Best in class of the 110v saws. It'd take a full blown 3hp cabinet to get a more substantial machine. 425# of stability, excellent Biesemeyer commercial fence, very good Leitz stock blade, easy to align cabinet mounted trunnions, laminate extension table, fold up outfeed table, efficient serptentine drive belt, good DC from the enclosed cabinet, and miter gauge fence with hold down clamp. It has plenty of power for a homeshop environment and is a joy to use. Frequent discounts make it available for much less than the MSRP.
6/4/2006

2/16/2006

Great value if you can get it on discount like I did.(It is curious to find this saw catagorized as a cabinet saw on this web site when others have labeled it a hybrid.)Price:Very Good: I purchased this saw at a good price (20% off list) during the holidays. Delivery:Excellent: I chose the delivery option because of the weight and the help I would receive from the folks at Sears. The delivery was a smooth process.

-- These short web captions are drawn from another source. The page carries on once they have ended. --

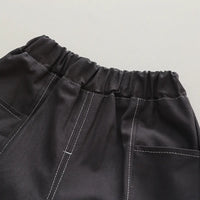 Boys Dark Grey Colorblocked Shirt With Jogger Sets Sets
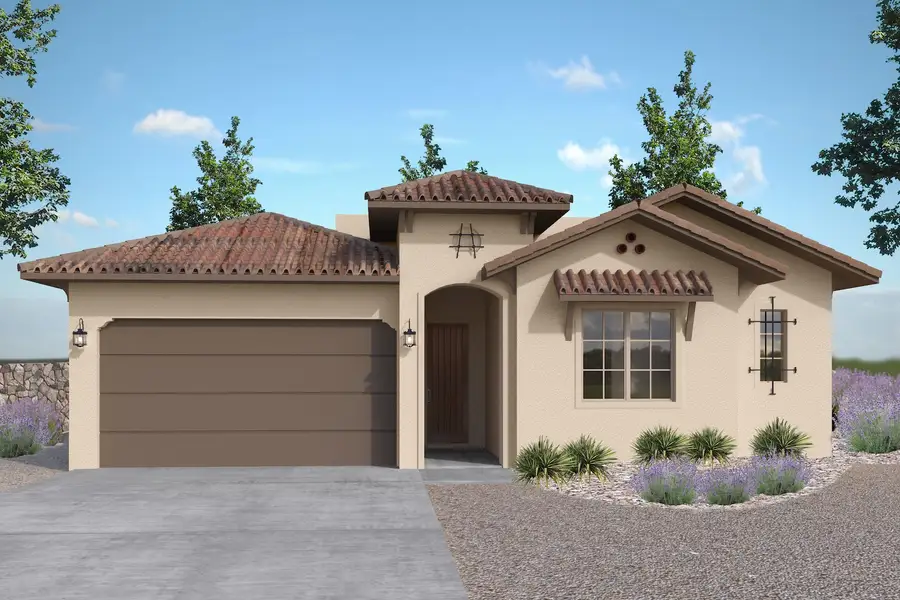 Representative exterior photo of a completed home built from the Pebble Beach by LEH. Homes in Summer Sky North, El Paso, TX (Image 1). Representative exterior photo of a completed home built from the Pebble Beach by LEH. Homes in Summer Sky North, El Paso, TX (Image 1).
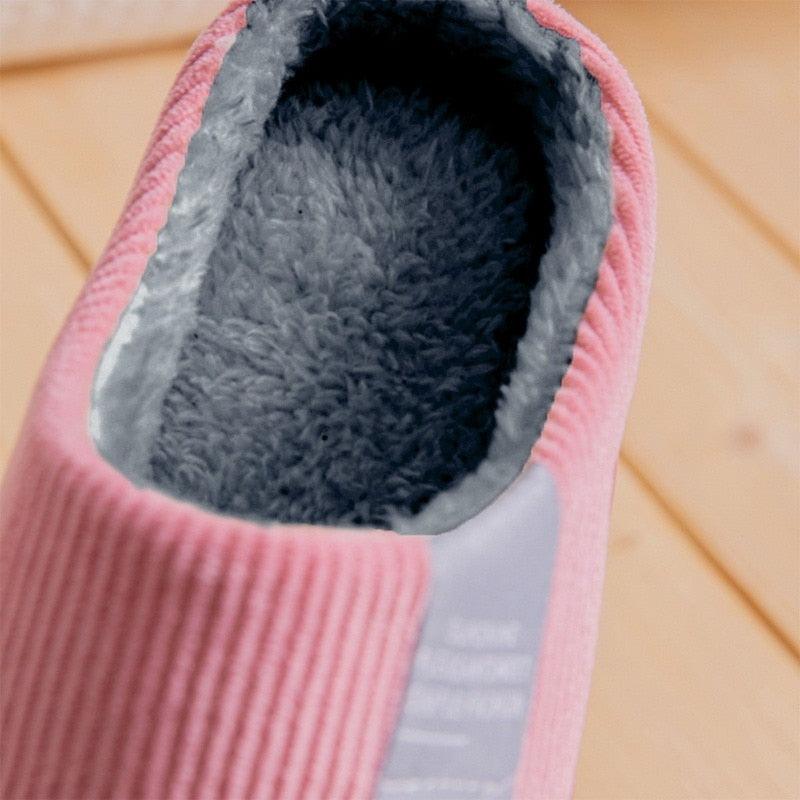 Women's Cozy Knit House Slippers with Memory Foam, Pink & Grey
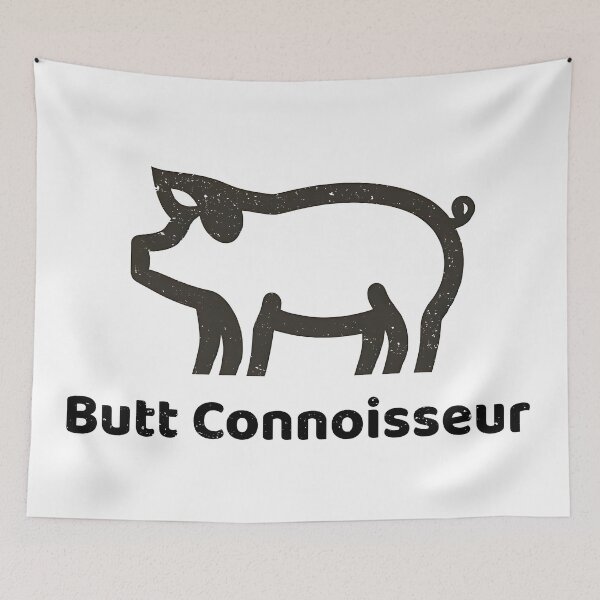 Item preview, BBQ Humor - Pork and Puns Butt Connoisseur Design designed and sold by MnDShirts.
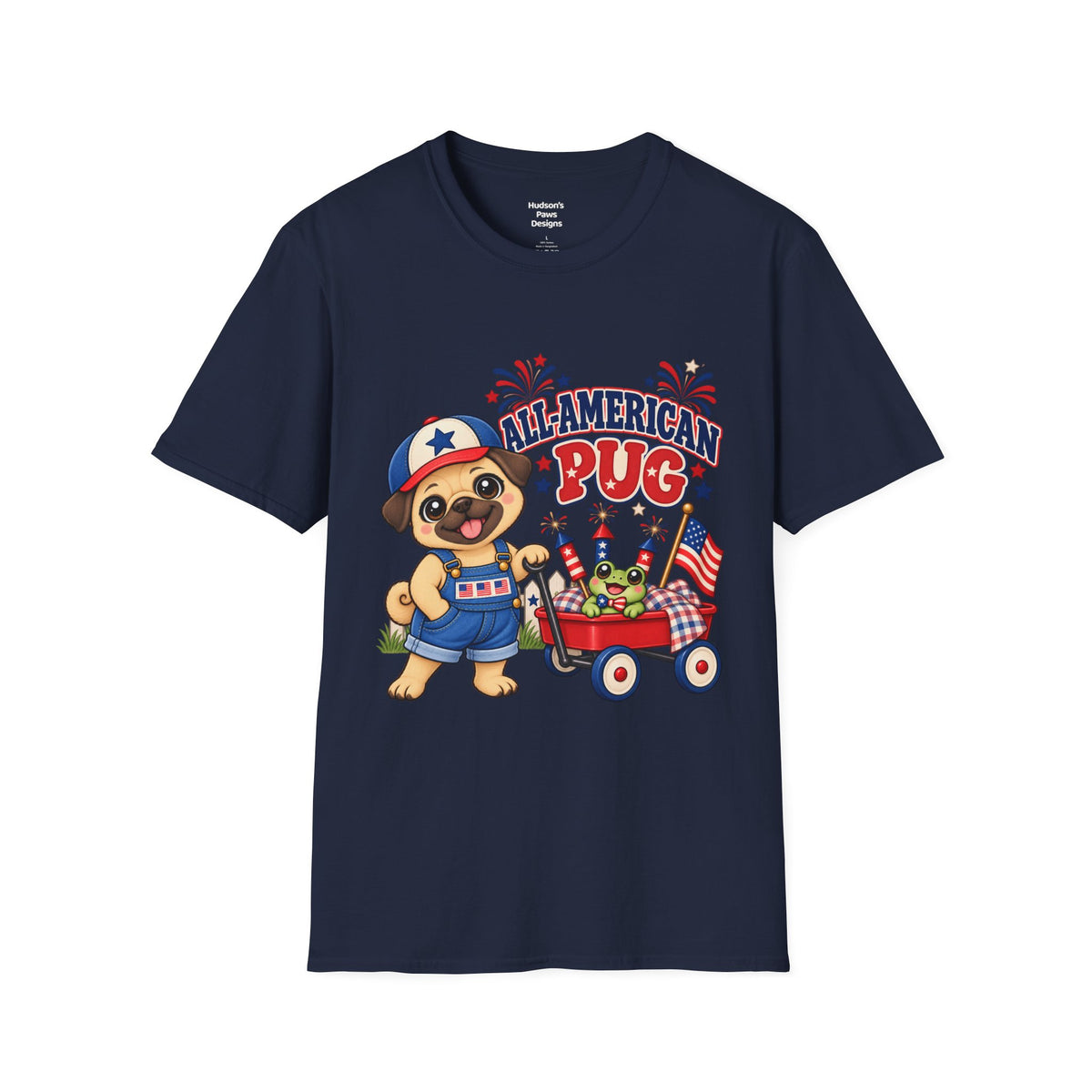 All-American Pug T-Shirt — Patriotic Americana Shirt for Adults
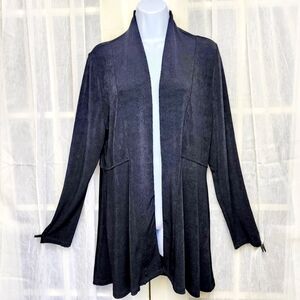 Chicos Travelers 2 Open Front Cardigan Sz L Black Slinky Draped Stretch Casual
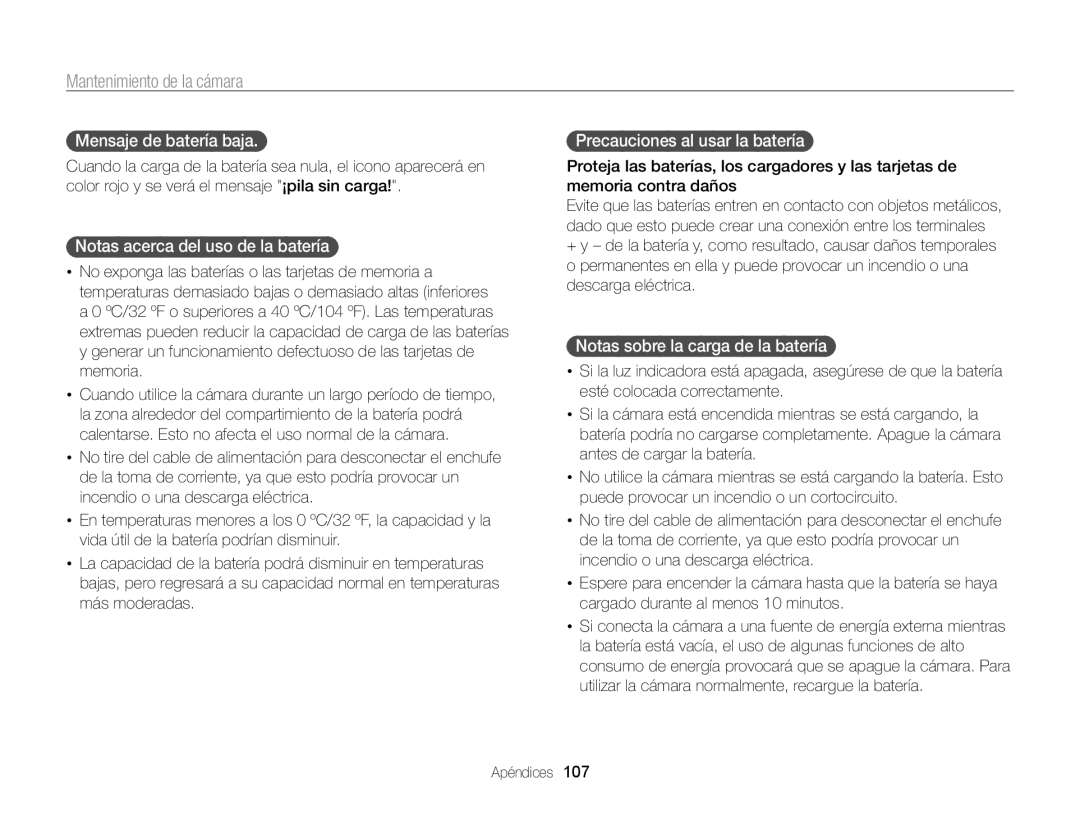 Samsung EC-PL170ZBPLE1 manual Mensaje de batería baja, Notas acerca del uso de la batería, Precauciones al usar la batería 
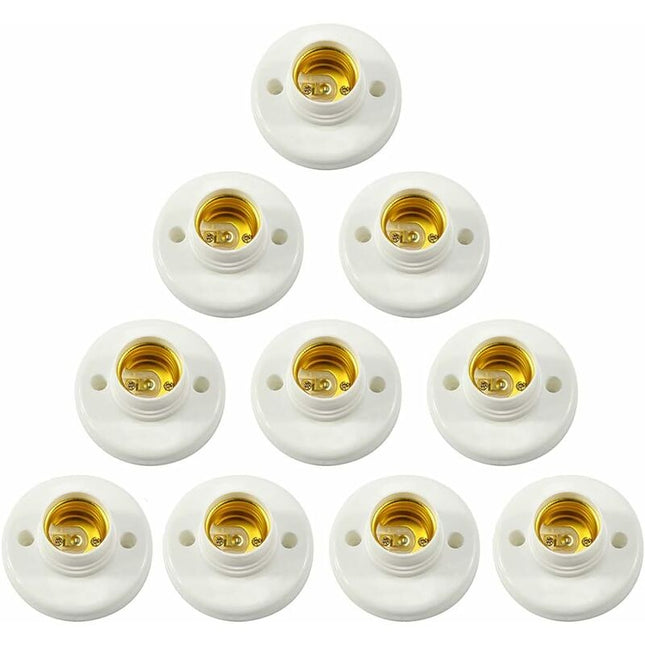 E27 Lamp Holder Screw Socket Plastic Wall Mount LED Bulb Base Converter Adapter Holders For E27 Bulb Plastic ROund.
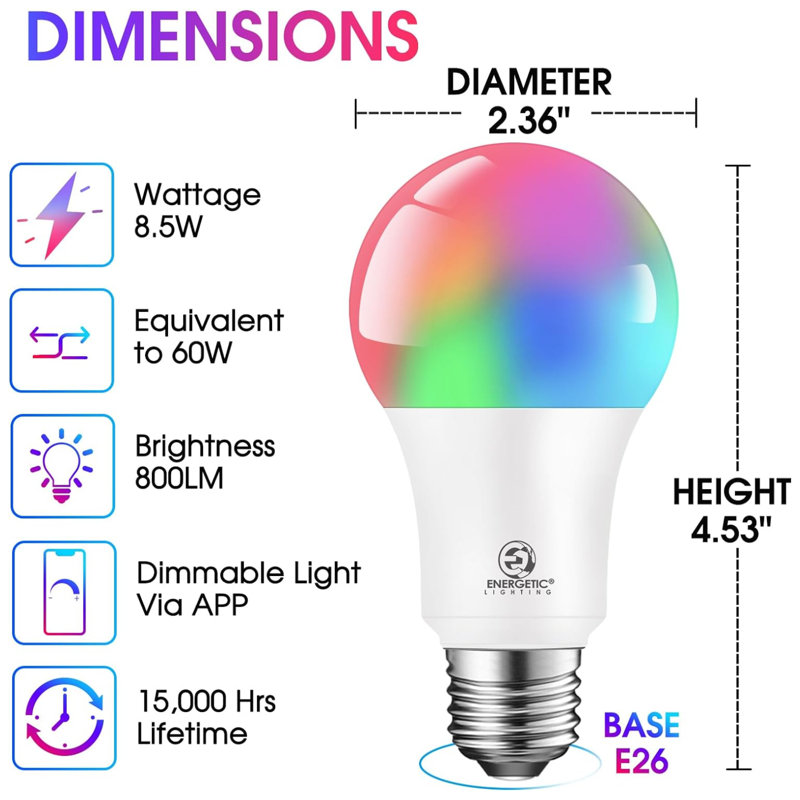 60 Watt Equivalent A19 E26/Medium (Standard) LED Smart Bulb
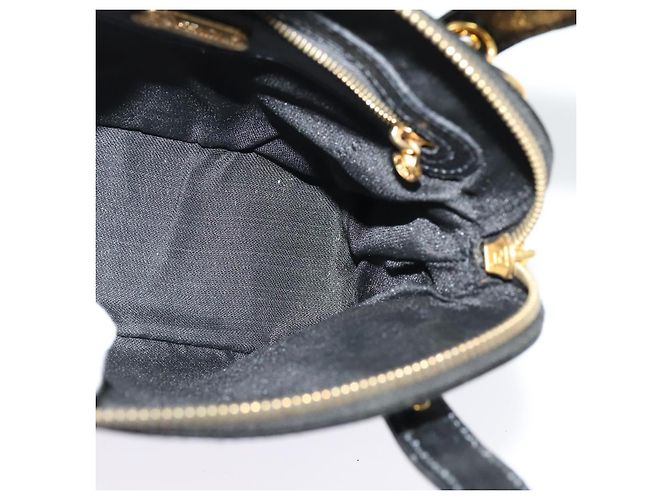 Bolso FENDI de piel charol 2way Negro Oro Auth ti3390 Dorado - vista 20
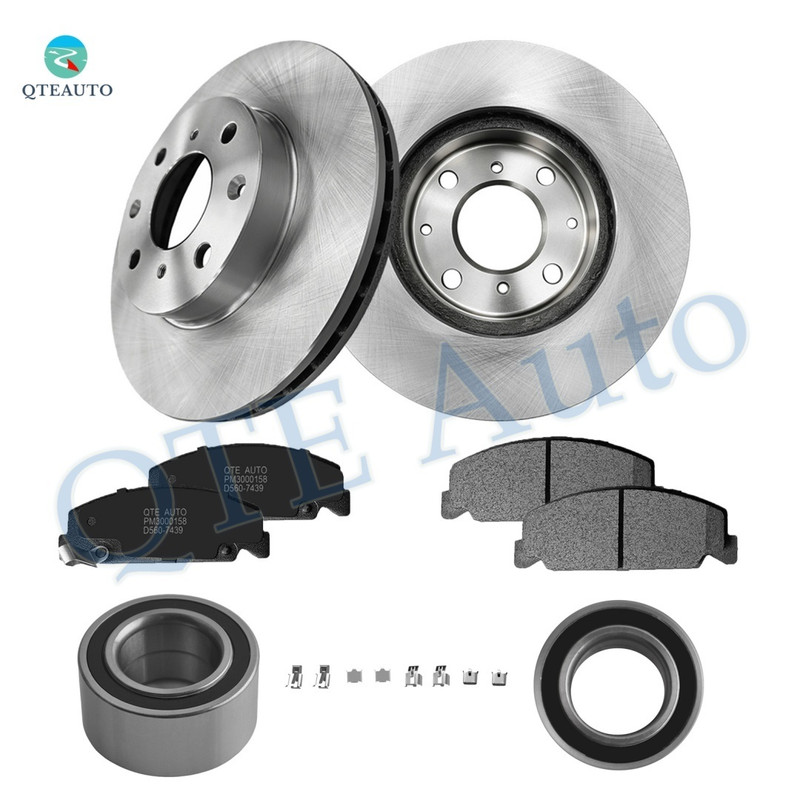 Set of 8 Front 239mm Brake Disc Rotors-Ceramic Brake Pad Kit-Wheel Bearing For 1994-1997 Honda Civic del Sol FWD
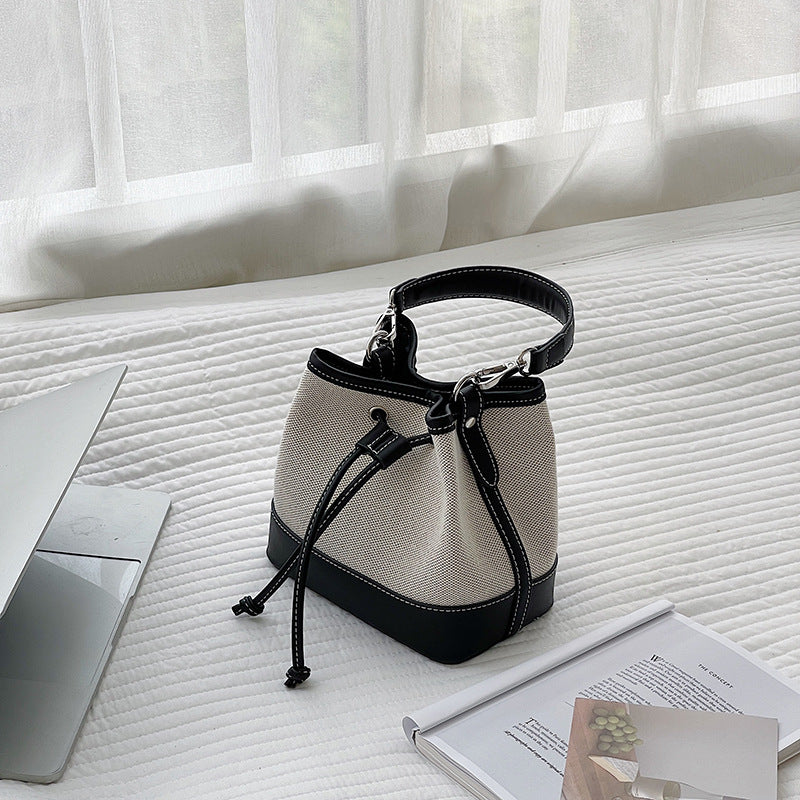 Women's Korean Style Canvas Artistic Stitching Design Crossbody Bags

The saw was placed in my garage workshop. I was called with the time the day before and on the day of arrival.Packing:Excellent: I was quite impressed with the metal frame surrounding the saw cabinet to protect it during shipping. The saw arrived in pristine condition.Fit and Finish/Assembly:Good: Very simple setup. The manual must have been updated since I didn't experience the problems that others claimed. The only issues I had was that I needed to tap the holes on the cabiniet for a few screws that hold some of the accessories. Other than that, I had no issues what so ever. Blade was only .002 out of alignment with the mitre slot. Saw top is very flat. The top is not as "polished" as a Powermatic but that is to be expected. Performance:Very good: Nickel test was flawless. The Biesemeyer fence is wonderful. Smooth running saw. For a hobbyist, it will handle all of my needs.